シンガポールにいるうちに🌴

大好きな東南アジア生活の記録

    

10/8(日)中国を旅して思うこと

今日厦門からシンガポールへ帰る。いつも違う国を旅しては、『シンガポールは素晴らしい国だ!町が汚いとか言ってはいけない!』と思うのだけれど、旦那曰く一カ月で忘れるらしいのでここに残す。

シンガポールが素晴らしいのはやはり英語が通じること、人の教育や法律上のしばりで人のマナーがある程度ちゃんとしていること、反日感情を気にせずに現地の人と交流できることがよかった。あと日本食屋も多くて、今回のように『おにぎりと味噌汁飲みたい。。。
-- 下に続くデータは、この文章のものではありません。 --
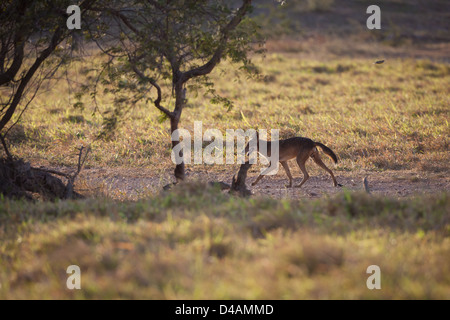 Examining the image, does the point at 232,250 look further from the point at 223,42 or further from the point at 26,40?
the point at 26,40

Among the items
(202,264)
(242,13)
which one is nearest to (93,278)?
(202,264)

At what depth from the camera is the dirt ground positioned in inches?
300

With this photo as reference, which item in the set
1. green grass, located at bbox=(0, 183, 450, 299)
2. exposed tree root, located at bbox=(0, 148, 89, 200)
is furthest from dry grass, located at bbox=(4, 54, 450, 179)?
green grass, located at bbox=(0, 183, 450, 299)

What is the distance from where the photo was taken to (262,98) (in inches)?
634

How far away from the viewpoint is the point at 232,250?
4000 millimetres

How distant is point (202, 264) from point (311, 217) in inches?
60.8

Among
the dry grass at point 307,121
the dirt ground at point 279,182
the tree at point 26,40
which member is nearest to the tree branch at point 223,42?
the dry grass at point 307,121

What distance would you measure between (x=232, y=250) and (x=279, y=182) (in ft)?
16.5

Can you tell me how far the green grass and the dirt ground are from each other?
215cm

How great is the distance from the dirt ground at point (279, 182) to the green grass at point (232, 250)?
7.06 ft

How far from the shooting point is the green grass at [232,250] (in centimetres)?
346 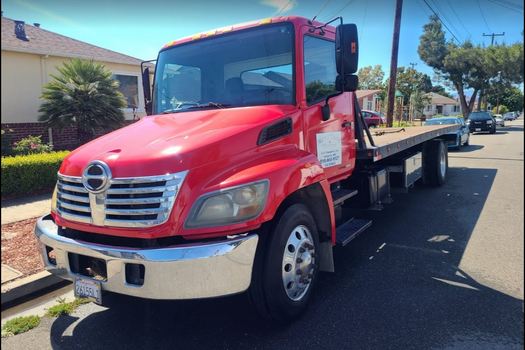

』と食に困ることはなかった。しかし中国では中国語Onlyのコミュニケーションの難しさ、時々人のマナーが悪く、少々がめつい。日本人みたいに大人しくしていたらいつまで経っても先に進めないので、しばしば私は中国人になった。特にフェリーで人を押しのけてみな中に入ろうとするとき『大和魂見とけよー!!』と思いながら、中国人と同じようにおりゃー!!と中に入ったが、後で『わたしゃ何をやっとるんかね・・・』と思った。

(この後、私は日本人を一瞬やめた)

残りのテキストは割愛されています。